━━ SUPPLIED RECORDS

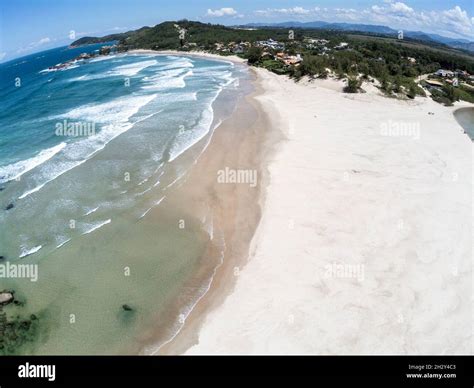 Aerial View Of Beach With Sand And Forest Praia Da Barra Garopaba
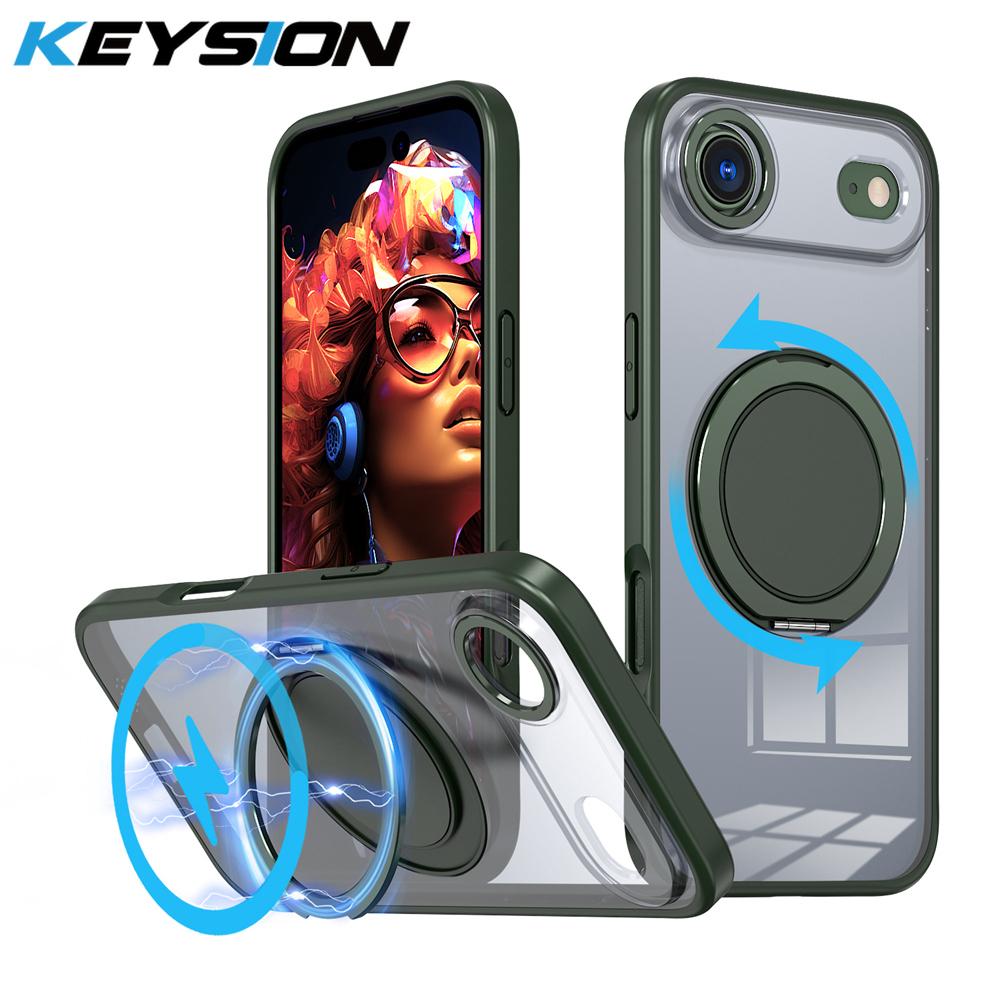 KEYSION Shockproof Matte Transparent Case for MagSafe for iPhone 17 17 Air 360° Rotating Magnetic Ring Stand Phone Back Cover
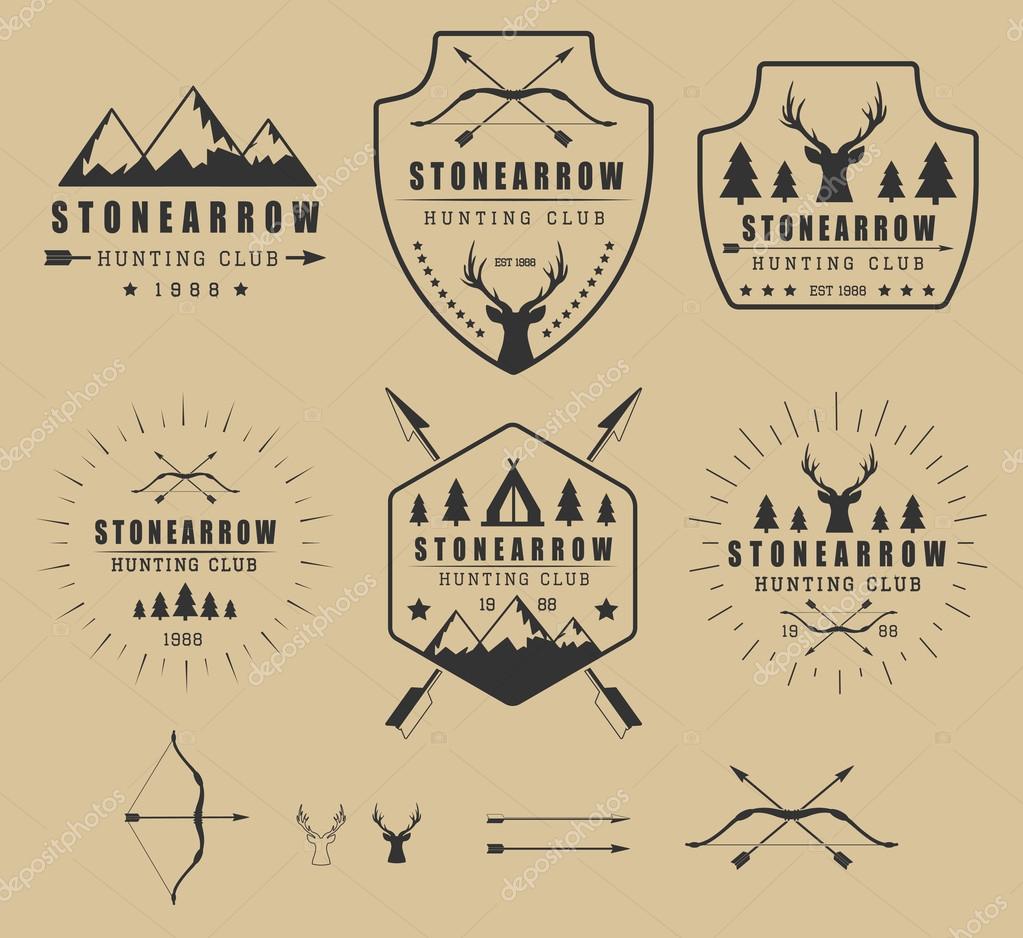 Set of vintage hunting vector logos, labels, badges and elements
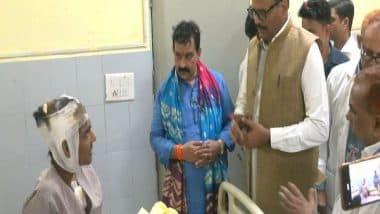 India News | Lucknow Building Collapse: UP Deputy CM Brajesh Pathak Meets Injured Victims at Hospital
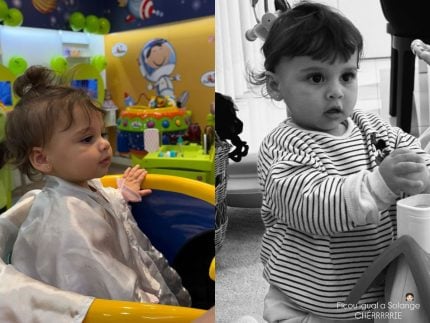 Helena, 2ª filha de Neymar, corta cabelo pela 1ª vez e mãe compara: “Igual a Solange, Cherie”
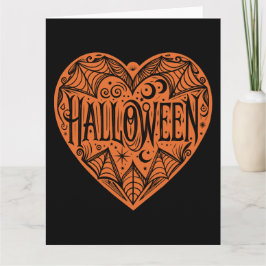Halloween Herz, Orangefarbene Herzform, Urlaub Karte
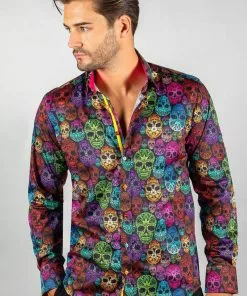 Claudio Lugli Mens Bright Skulls Shirt Black New In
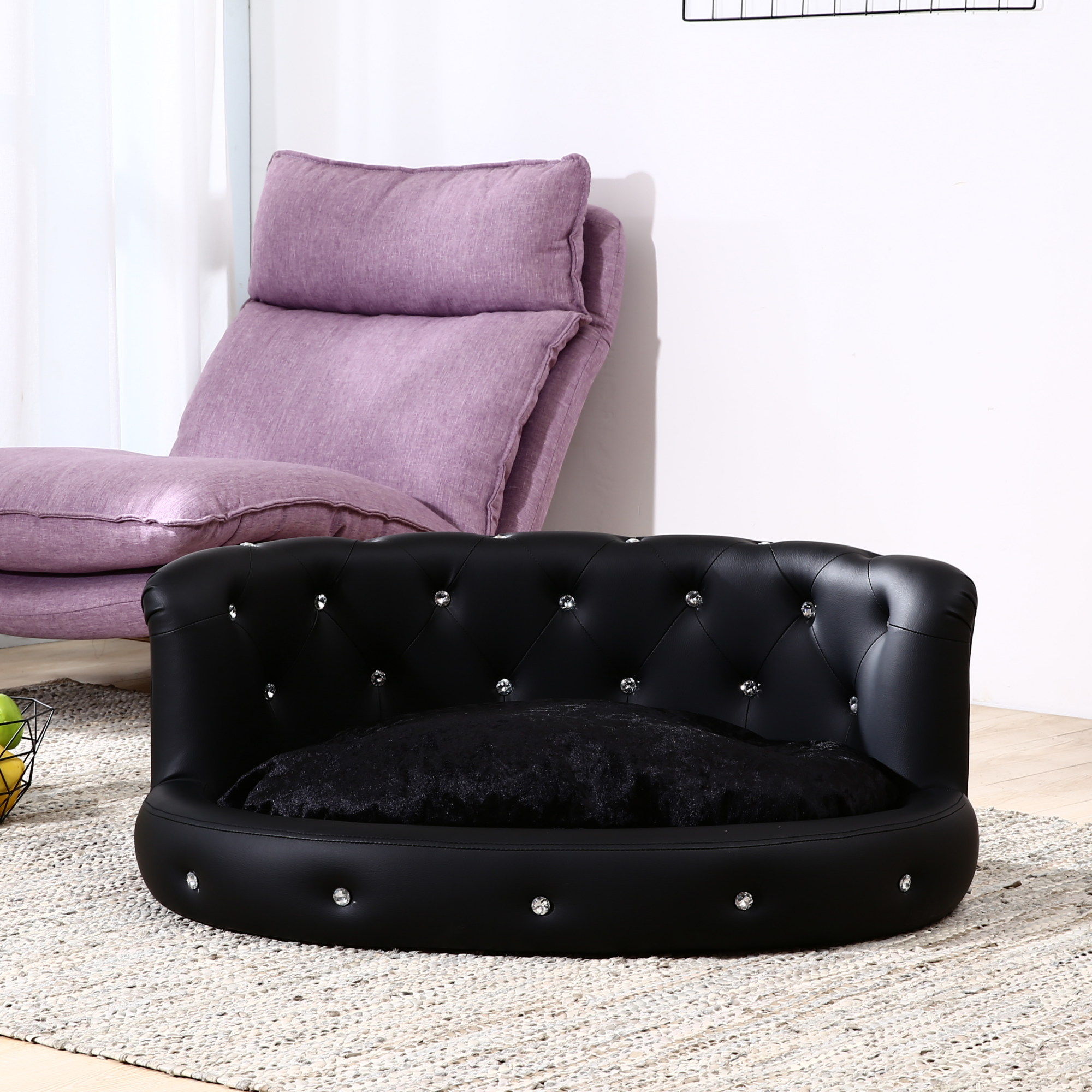 Hundebett, Hundesofa, Hundekissen Oval in weiß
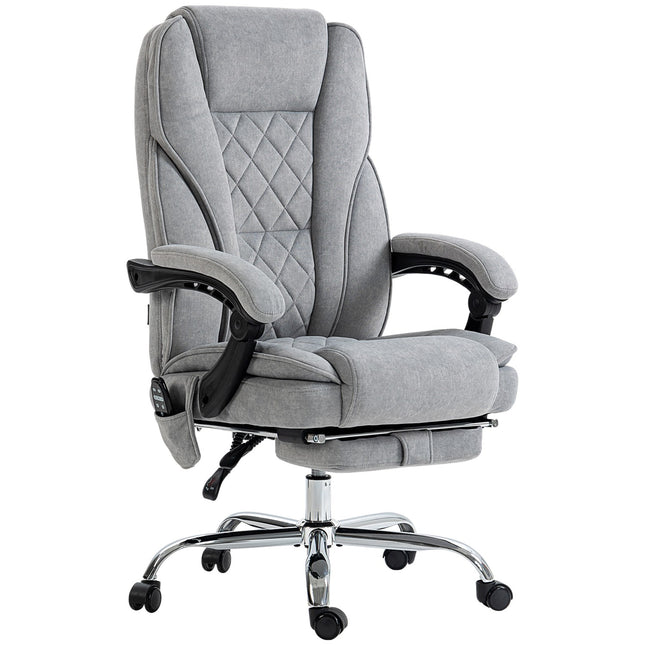 Ergonomická kancelářská židle s masážní funkcí, podnožkou, otočná, pojízdná, šedá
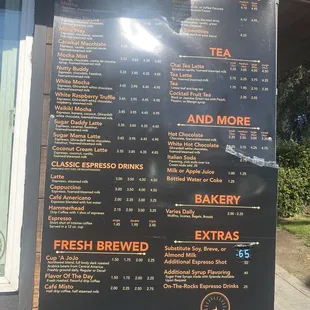 Current menu as of October &apos;21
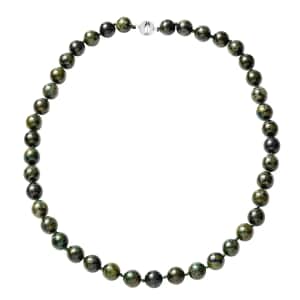 Aurora Azurite 396.50 ctw Beaded Necklace in Rhodium Over Sterling Silver 20 Inches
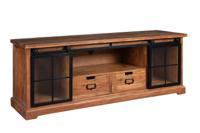 Vitrinekast HERITAGE 160cm zwart metalen schuifdeuren acaciahout bruin - 44050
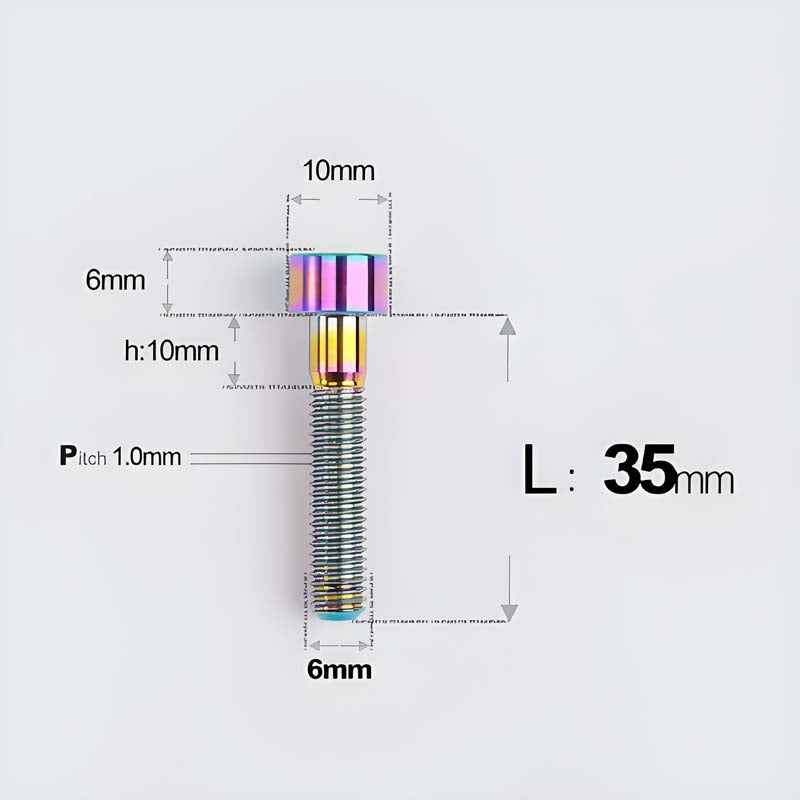 M6x30-70mm Titanium Socket Cap Bolts for Bicycle Headset, Disc Brake Caliper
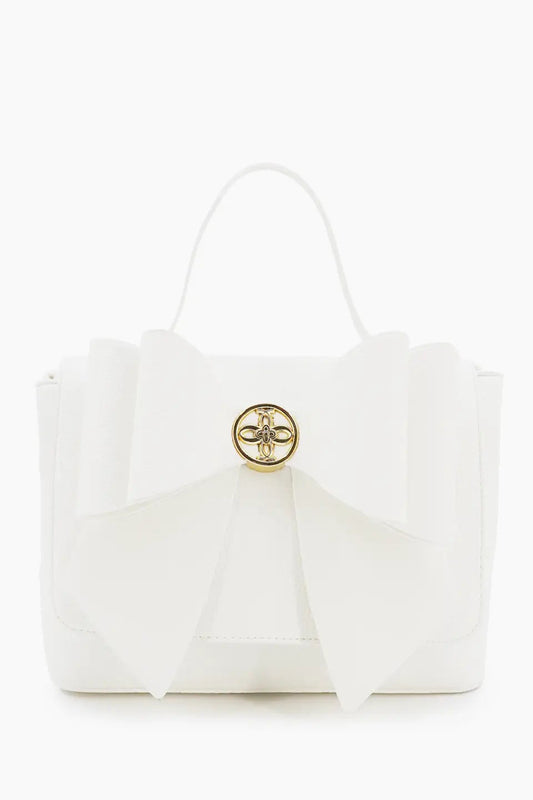 Zoey Double Bow Crossbody Bag - White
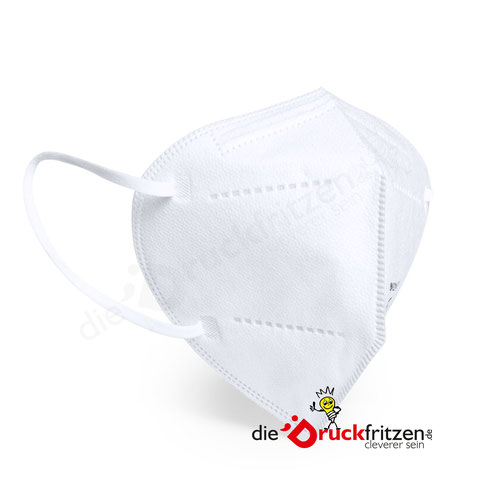 Zertifizierte FFP2 Schutzmaske, Weiß, mit Kopfbandeinsteller - ab 0,60 €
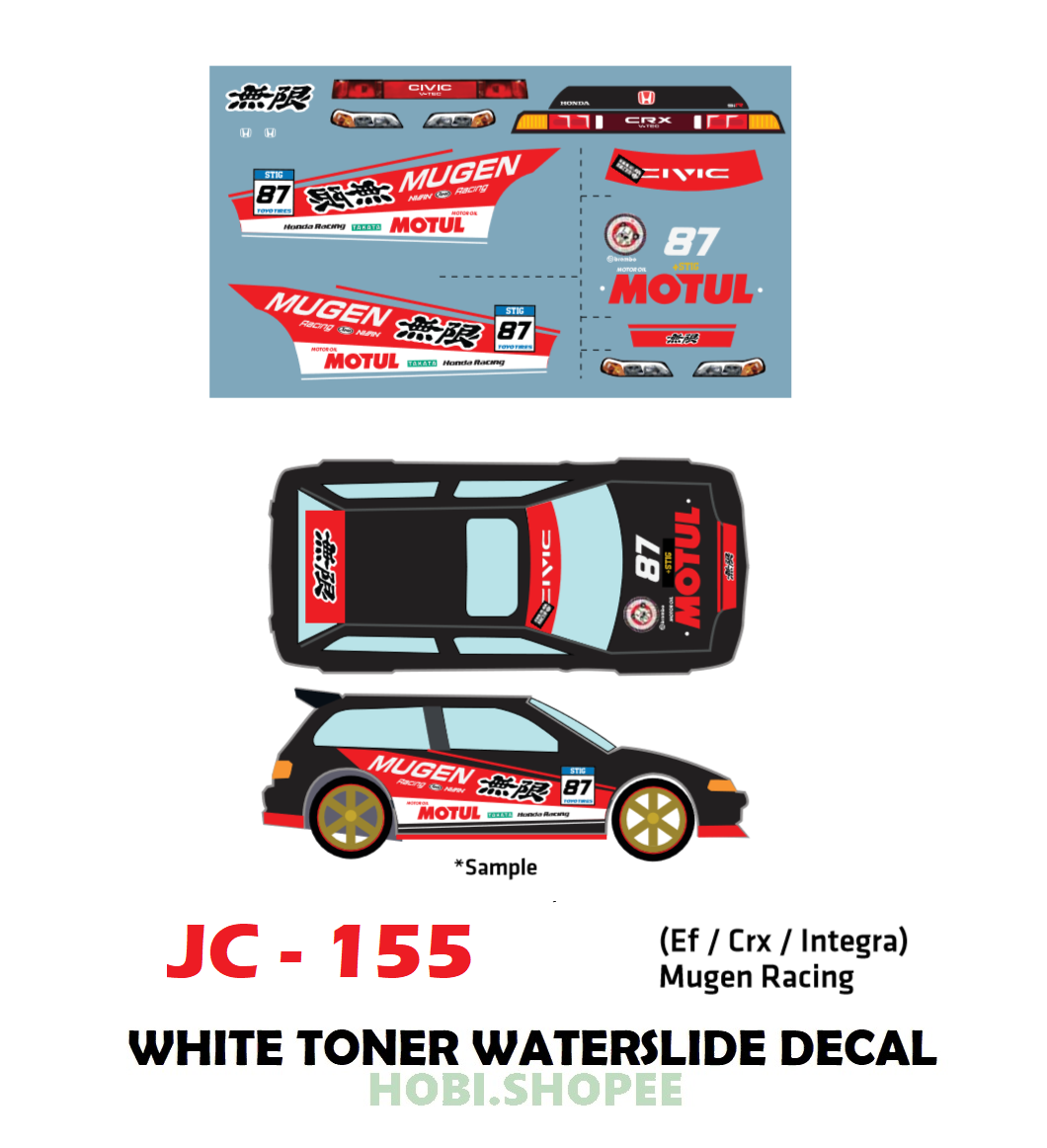 JC-9155 White Toner Waterslide Decals M_RACING For Custom 1:64 Hot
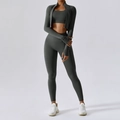 Three-piece dark grey yoga set with zip jacket, sports bra, and high waist leggings - Long Sleeve + Bra + Pants Volcanic Ash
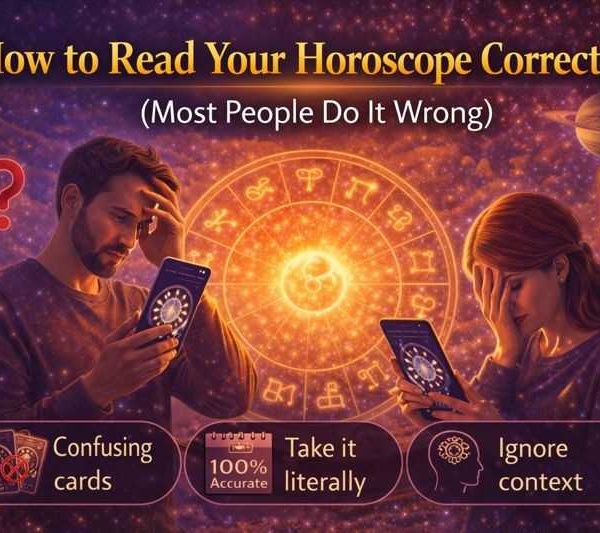 Two people confused while reading horoscopes on mobile phones with a glowing zodiac wheel, showing common mistakes in reading horoscopes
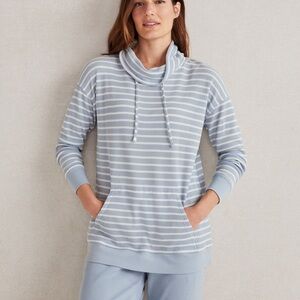 Haven Well Within 100% Organic Cotton Waffle Funnel Pullover Striped Sweater XXL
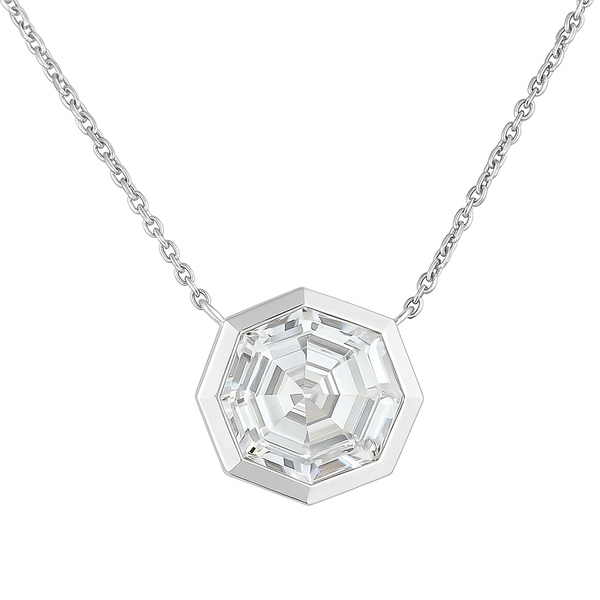 MUSE | 2.59 Ct Octagon Solitaire Pendant in 14K White Gold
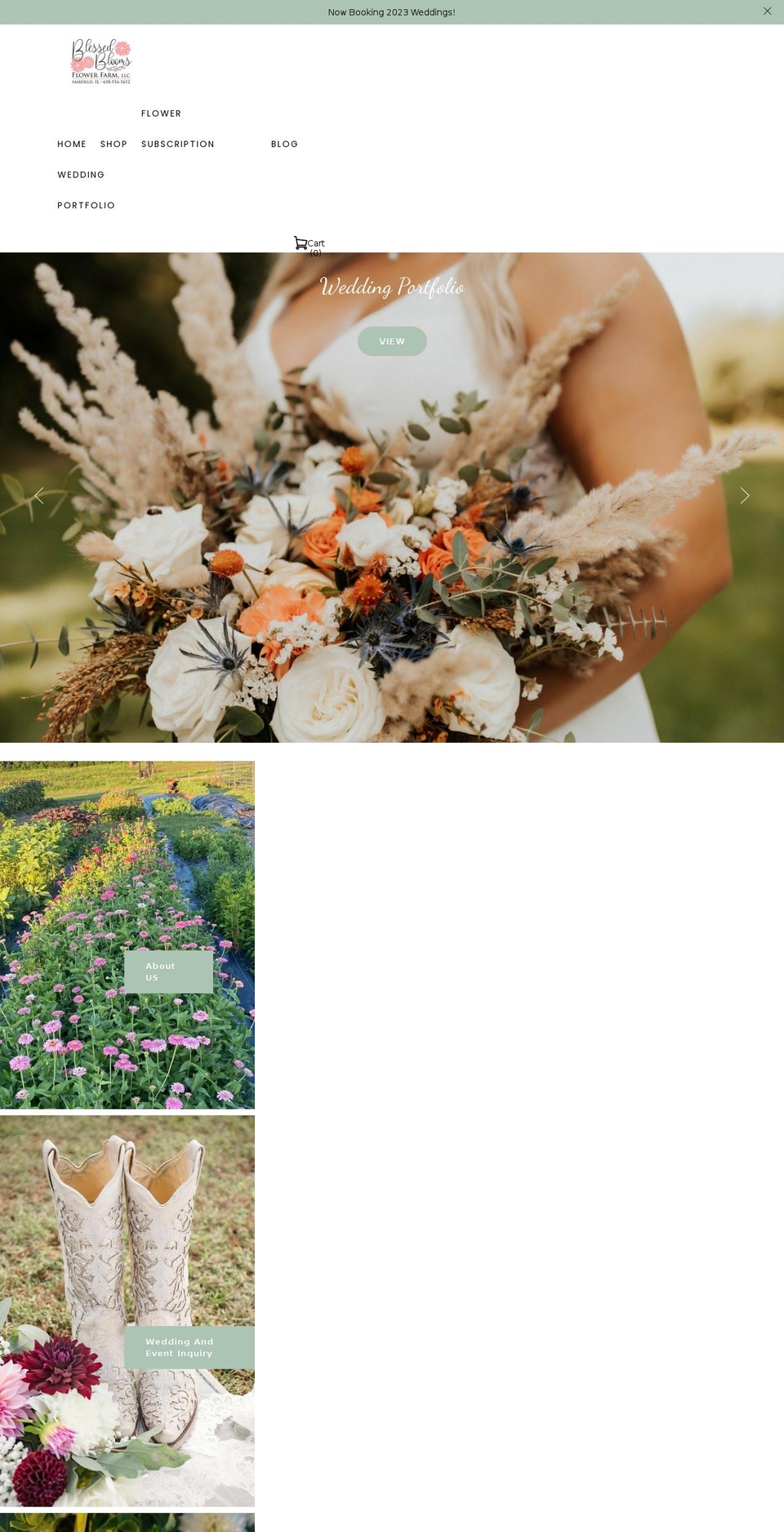 blessedbloomsflowerfarm.com shopify website screenshot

━━━━

**EXERCISE INSTRUCTIONS:** Could the material above be given again in full and exactly, with its pictures left out?

**ANSWER BOX:**
 Aerial View Of Beach With Sand And Forest Praia Da Barra Garopaba
 KEYSION Shockproof Matte Transparent Case for MagSafe for iPhone 17 17 Air 360° Rotating Magnetic Ring Stand Phone Back Cover
 Set of vintage hunting vector logos, labels, badges and elements
 India News | Lucknow Building Collapse: UP Deputy CM Brajesh Pathak Meets Injured Victims at Hospital
 Helena, 2ª filha de Neymar, corta cabelo pela 1ª vez e mãe compara: “Igual a Solange, Cherie”
Halloween Herz, Orangefarbene Herzform, Urlaub Karte
 Claudio Lugli Mens Bright Skulls Shirt Black New In
 Hundebett, Hundesofa, Hundekissen Oval in weiß
 Ergonomická kancelářská židle s masážní funkcí, podnožkou, otočná, pojízdná, šedá
 Current menu as of October &apos;21
 Aurora Azurite 396.50 ctw Beaded Necklace in Rhodium Over Sterling Silver 20 Inches
 Vitrinekast HERITAGE 160cm zwart metalen schuifdeuren acaciahout bruin - 44050
 M6x30-70mm Titanium Socket Cap Bolts for Bicycle Headset, Disc Brake Caliper
 Zoey Double Bow Crossbody Bag - White
 Zertifizierte FFP2 Schutzmaske, Weiß, mit Kopfbandeinsteller - ab 0,60 €
 JC-9155 White Toner Waterslide Decals M_RACING For Custom 1:64 Hot
 Three-piece dark grey yoga set with zip jacket, sports bra, and high waist leggings - Long Sleeve + Bra + Pants Volcanic Ash
 Two people confused while reading horoscopes on mobile phones with a glowing zodiac wheel, showing common mistakes in reading horoscopes
 Haven Well Within 100% Organic Cotton Waffle Funnel Pullover Striped Sweater XXL
 MUSE | 2.59 Ct Octagon Solitaire Pendant in 14K White Gold
 blessedbloomsflowerfarm.com shopify website screenshot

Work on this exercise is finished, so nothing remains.